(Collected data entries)

== == ==

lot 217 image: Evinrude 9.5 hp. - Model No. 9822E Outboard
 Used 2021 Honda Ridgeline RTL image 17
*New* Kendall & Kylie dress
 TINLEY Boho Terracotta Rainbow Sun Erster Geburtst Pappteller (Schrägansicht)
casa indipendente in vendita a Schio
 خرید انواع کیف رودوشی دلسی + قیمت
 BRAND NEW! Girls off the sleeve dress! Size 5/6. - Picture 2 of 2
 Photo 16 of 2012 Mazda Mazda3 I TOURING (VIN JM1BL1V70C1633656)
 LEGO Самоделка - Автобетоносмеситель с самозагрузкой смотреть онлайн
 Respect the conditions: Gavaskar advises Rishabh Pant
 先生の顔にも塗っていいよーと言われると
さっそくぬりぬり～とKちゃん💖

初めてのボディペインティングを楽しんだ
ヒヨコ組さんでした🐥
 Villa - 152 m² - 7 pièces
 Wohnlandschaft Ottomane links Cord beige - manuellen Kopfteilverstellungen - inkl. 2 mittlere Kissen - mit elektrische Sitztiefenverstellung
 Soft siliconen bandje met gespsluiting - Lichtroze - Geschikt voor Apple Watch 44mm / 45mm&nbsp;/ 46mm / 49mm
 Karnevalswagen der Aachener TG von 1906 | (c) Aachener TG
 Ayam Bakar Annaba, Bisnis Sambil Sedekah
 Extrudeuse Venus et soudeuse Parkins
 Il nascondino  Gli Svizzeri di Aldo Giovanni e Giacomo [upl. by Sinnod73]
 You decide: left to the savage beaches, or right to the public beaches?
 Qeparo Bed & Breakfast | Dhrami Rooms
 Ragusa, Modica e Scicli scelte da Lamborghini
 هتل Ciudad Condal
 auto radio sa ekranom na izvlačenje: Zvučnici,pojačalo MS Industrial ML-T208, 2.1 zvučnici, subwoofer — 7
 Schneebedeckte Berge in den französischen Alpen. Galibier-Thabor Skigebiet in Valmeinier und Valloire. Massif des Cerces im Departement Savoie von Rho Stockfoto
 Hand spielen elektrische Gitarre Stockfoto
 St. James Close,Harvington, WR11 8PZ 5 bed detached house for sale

== == ==

▶ **WHAT NEEDS TO BE DONE**
Output must be limited to the lines beginning with the one that contains "Soft siliconen bandje" and ending with the last line of the entries, reproduced exactly.

▶ **ANSWER BOX**
 Soft siliconen bandje met gespsluiting - Lichtroze - Geschikt voor Apple Watch 44mm / 45mm&nbsp;/ 46mm / 49mm
 Karnevalswagen der Aachener TG von 1906 | (c) Aachener TG
 Ayam Bakar Annaba, Bisnis Sambil Sedekah
 Extrudeuse Venus et soudeuse Parkins
 Il nascondino  Gli Svizzeri di Aldo Giovanni e Giacomo [upl. by Sinnod73]
 You decide: left to the savage beaches, or right to the public beaches?
 Qeparo Bed & Breakfast | Dhrami Rooms
 Ragusa, Modica e Scicli scelte da Lamborghini
 هتل Ciudad Condal
 auto radio sa ekranom na izvlačenje: Zvučnici,pojačalo MS Industrial ML-T208, 2.1 zvučnici, subwoofer — 7
 Schneebedeckte Berge in den französischen Alpen. Galibier-Thabor Skigebiet in Valmeinier und Valloire. Massif des Cerces im Departement Savoie von Rho Stockfoto
 Hand spielen elektrische Gitarre Stockfoto
 St. James Close,Harvington, WR11 8PZ 5 bed detached house for sale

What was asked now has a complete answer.